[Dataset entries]

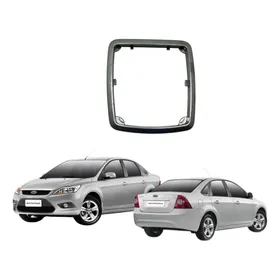 Moldura Coifa Alavanca Cambio Manual Ford Focus 2009 A 2013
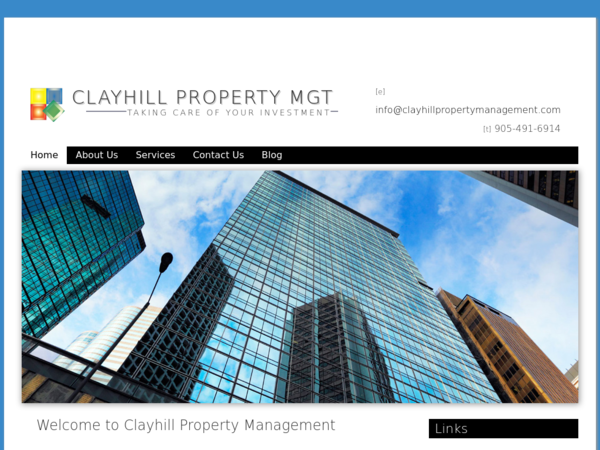 Clayhill Property Management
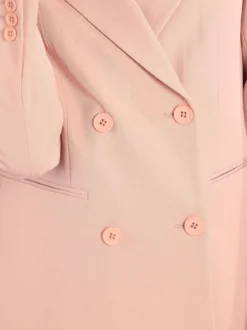 Radaus Blazer doppiopetto con bottoni donna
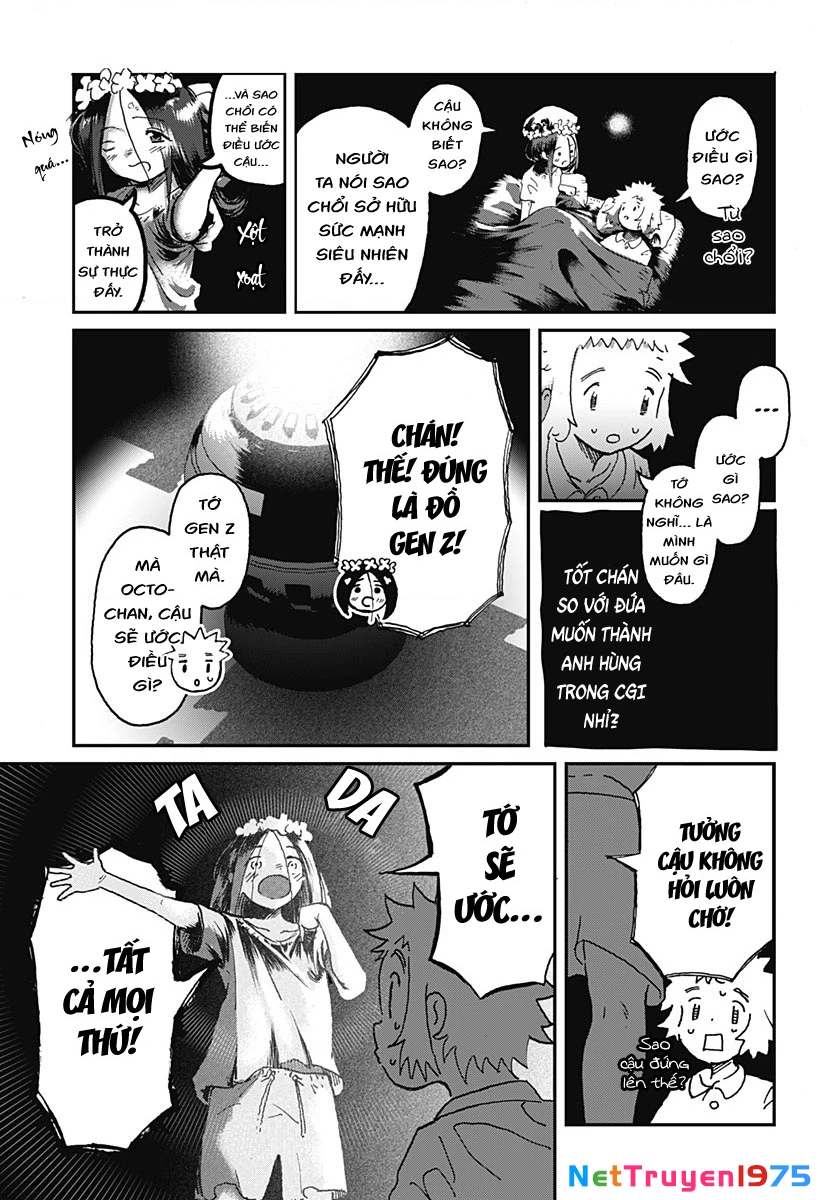 Ngôi sao tương giao Chapter 1 - Trang 3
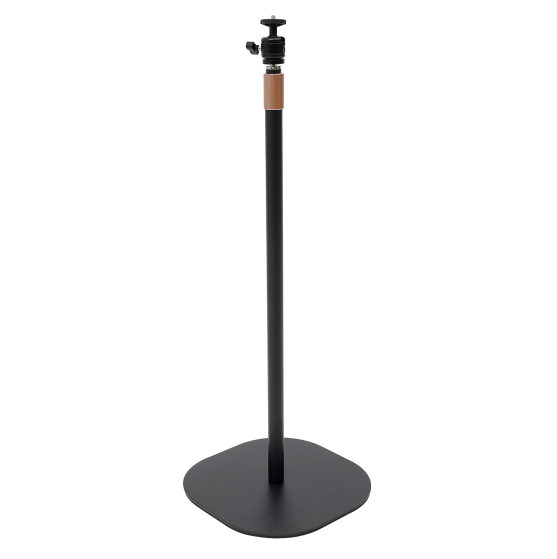Supporto Da Parete Universale Per Proiettore, Supporto Da Soffitto In Metallo Regolabile A 360 Per Proiettori Dispositivi Di Sorveglianza 1 Set 97381324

What needs to be done: Please output the lines from the line that contains "Radaus Blazer doppiopetto con bottoni donna" through the end of the records, both ends included, exactly and with no pictures.

Answer to the problem:
 Radaus Blazer doppiopetto con bottoni donna
 Ngôi sao tương giao Chapter 1 - Trang 3
Supporto Da Parete Universale Per Proiettore, Supporto Da Soffitto In Metallo Regolabile A 360 Per Proiettori Dispositivi Di Sorveglianza 1 Set 97381324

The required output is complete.